Fátima arregalou os olhos, travou um segundo, e soltou sem filtro:
— P*** que pariu! Você já fez pra ele?!*
Foi ali que a caixa de Pandora escancarou. Fátima contou que Roberval era seu amante há quase oito anos. Tinha com ele um filho, Josué, de seis.
Fredi parou. O mundo girou devagar. Duas mulheres. O mesmo homem. Duas serenatas para o mesmo amor duplicado. Uma esposa tentando reacender uma chama. Uma amante acreditando que vivia uma história única.
E agora? Contar? Silenciar? Recusar o próximo trabalho? Ou seguir?
Seresteiro é artista, não juiz. Mas há momentos em que a arte esbarra na verdade, e ela não pede licença.

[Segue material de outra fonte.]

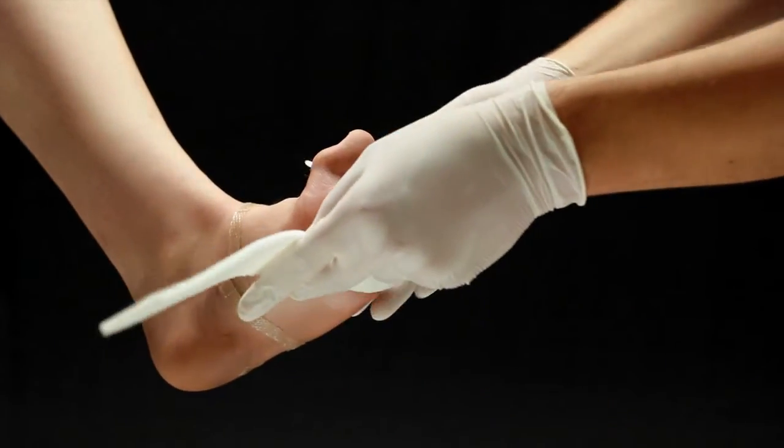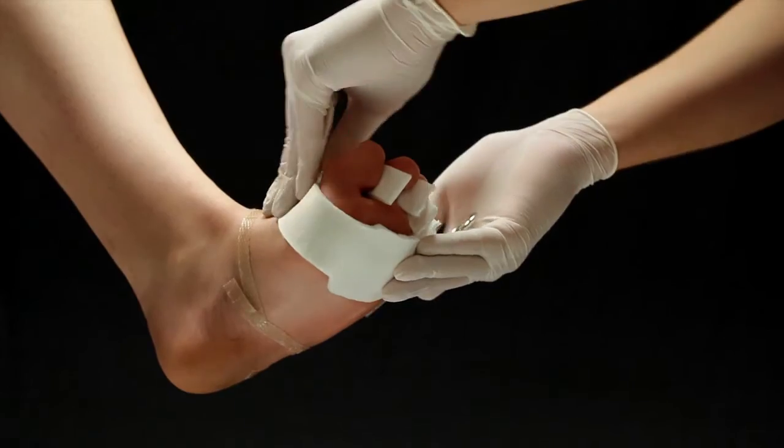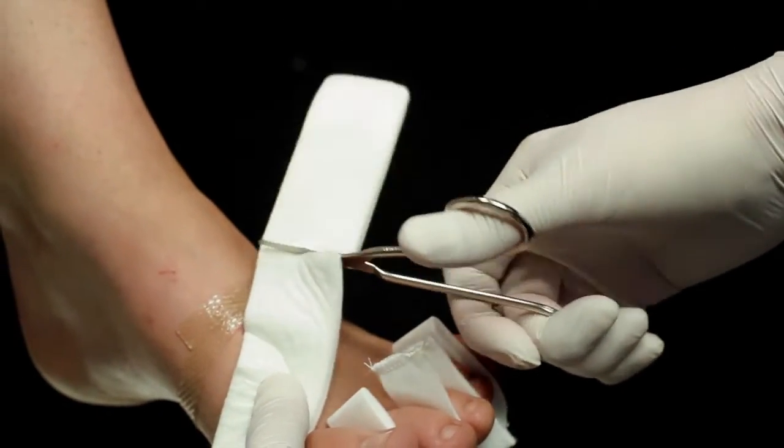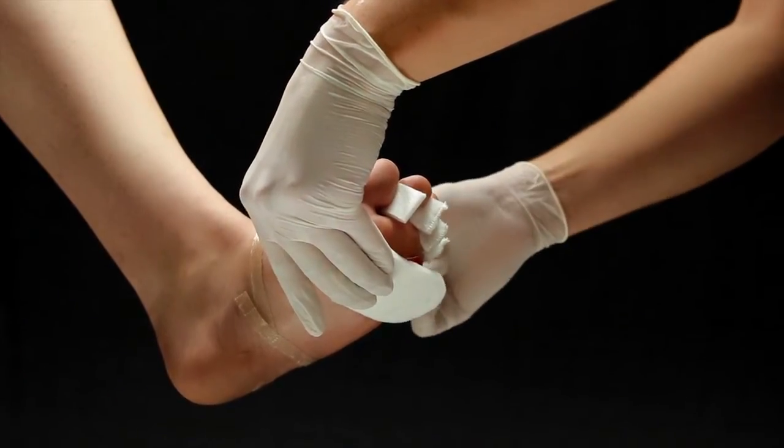Place the circular portion of the dressing on the wound. Wrap the rectangular piece around to the top of the foot and trim the excess. For wounds between the toes, only the long rectangular piece of the dressing may be needed.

Fredi refletiu: quantos segredos cabem dentro de uma música? Quantas vidas a gente esbarra sem querer enquanto só tenta entregar beleza?
A vida é um samba torto. Às vezes, a gente canta pra reacender a chama… e descobre que tem fogo em duas casas.
E o mais curioso? Foi com Fredi Jon, e não com os segredos, que a história finalmente resolveu aparecer.